This video was taken from a concert that I produced for Nevadans for the Common Good on June 28, 2015. We chose to do a patriotic concert and I decided to add this song into the program as a tribute to the 9 people that were killed in the shooting at Mother Emmanuel AME Church in South Carolina.
Nevadans for the Common Good is a non-profit organization that “helps congregations and organizations develop a deeply-rooted justice strategy – not one that lurches from issue to issue, but one that builds a base of leaders, develops an analysis of the pressures affecting families in an institution and crafts a viable response to those pressures, working together with other congregations and organizations”
(http://www.nevadansforthecommongood.org).
Yes, not so good things will happen in this life, but when they do, we need to remember that “darkness cannot take out darkness. Only light can. Hate cannot take out hate. Only love can” (MLK). There is only one judge and in the end none of us would pray for judgement or justice for the way that we have lived this life. Instead, we pray for mercy, forgiveness and grace, because we have all fallen short of the glory of God. And because of Jesus Christ, we can love as we are loved by Almighty God. We can forgive as we have been forgiven. We can exude the same amazing grace that was given to us through God’s only Son. We can be united as One body instead of fighting against each other. We can do so much more than what we limit ourselves to. The human perspective is but a speck of dust compared to the vastness of God’s plan.
I believe that the root of the problem that plagues our world and our human family, is that we separate from each other. There is no “us” or “them,” there is just “us.” We easily forget the commonality of our own humanity and segregate over superficial differences. The world’s problems are our problems. The issues that people face in a distant land are also in our own backyard. “For God so loved the world that He sent His only Son, that whoever believes in Him shall not perish but have eternal life. For God did not send His Son into the world to condemn the world, but save the world through Him” (John 3:16-17 NIV). God did not save parts of the world. God saves the world, in it’s entirety, through love. Through the power of compassion and the truth of salvation, love is the common thread that unites us all and melts away any perceived differences. “There is neither Jew nor Gentile, neither slave nor free, nor is there male and female, for you are all one in Christ Jesus” (Galatians 3:28).
If we could just see each other as people first and not what type of person or category, then we could dialogue in a healthy conversation about the commonality of the human experience. “I am a Jew. Hath not a Jew eyes?Hath not a Jew hands, organs, dimensions, senses, affections, passions? Fed with the same food, hurt with the same weapons, subject to the same diseases, healed by the same means, warmed and cooled by the same winter and summer…If you prick us, do we not bleed? If you tickle us, do we not laugh? If you poison us, do we not die?” (Merchant of Venice, Shakespeare).
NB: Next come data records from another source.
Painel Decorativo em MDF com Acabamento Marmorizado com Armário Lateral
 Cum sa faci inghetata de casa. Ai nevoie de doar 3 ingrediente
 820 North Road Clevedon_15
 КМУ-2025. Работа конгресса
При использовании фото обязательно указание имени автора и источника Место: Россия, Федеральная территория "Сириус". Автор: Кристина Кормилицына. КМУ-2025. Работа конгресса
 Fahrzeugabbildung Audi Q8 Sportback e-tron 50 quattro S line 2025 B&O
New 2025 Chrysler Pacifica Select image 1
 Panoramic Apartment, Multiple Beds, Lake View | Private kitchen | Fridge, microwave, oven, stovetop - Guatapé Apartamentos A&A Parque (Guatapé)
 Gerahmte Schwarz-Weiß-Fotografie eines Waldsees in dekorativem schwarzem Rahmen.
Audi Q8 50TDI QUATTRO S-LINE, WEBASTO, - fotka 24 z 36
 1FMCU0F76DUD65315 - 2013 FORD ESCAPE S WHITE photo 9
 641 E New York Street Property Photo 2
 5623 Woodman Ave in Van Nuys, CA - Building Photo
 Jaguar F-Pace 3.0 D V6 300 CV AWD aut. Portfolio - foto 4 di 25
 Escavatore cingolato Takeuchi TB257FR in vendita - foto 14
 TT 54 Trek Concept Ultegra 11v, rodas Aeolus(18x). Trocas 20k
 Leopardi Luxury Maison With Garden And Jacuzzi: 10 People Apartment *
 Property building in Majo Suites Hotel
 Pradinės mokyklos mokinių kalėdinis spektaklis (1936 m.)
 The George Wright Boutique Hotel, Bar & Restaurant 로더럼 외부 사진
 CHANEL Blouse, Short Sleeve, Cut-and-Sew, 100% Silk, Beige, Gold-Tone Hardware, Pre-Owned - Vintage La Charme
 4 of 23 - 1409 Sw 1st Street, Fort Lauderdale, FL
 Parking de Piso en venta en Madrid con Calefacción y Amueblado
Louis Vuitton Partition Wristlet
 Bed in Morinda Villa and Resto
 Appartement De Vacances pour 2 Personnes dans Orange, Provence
Bottomline, the blood that runs through the veins of every human being, that has ever lived and will live, is red. We are all the same, and it is with that sameness that we shall overcome the wicked and corruptive landscapes of the human mind that perpetuates the pandora’s box of racism, prejudice, sexism, homophobia, classism etc…
Look, we will all leave this world with the same amount of the world’s riches as we came in with…absolutely nothing. But we will leave a legacy of the way in which we lived this life and affected other people. This life is not about individuals but instead it is about the collective condition of the human story. If we could just see ourselves within the people that we meet, then the world that God sees will be opened onto us so that the kingdom on earth could be as it is in heaven.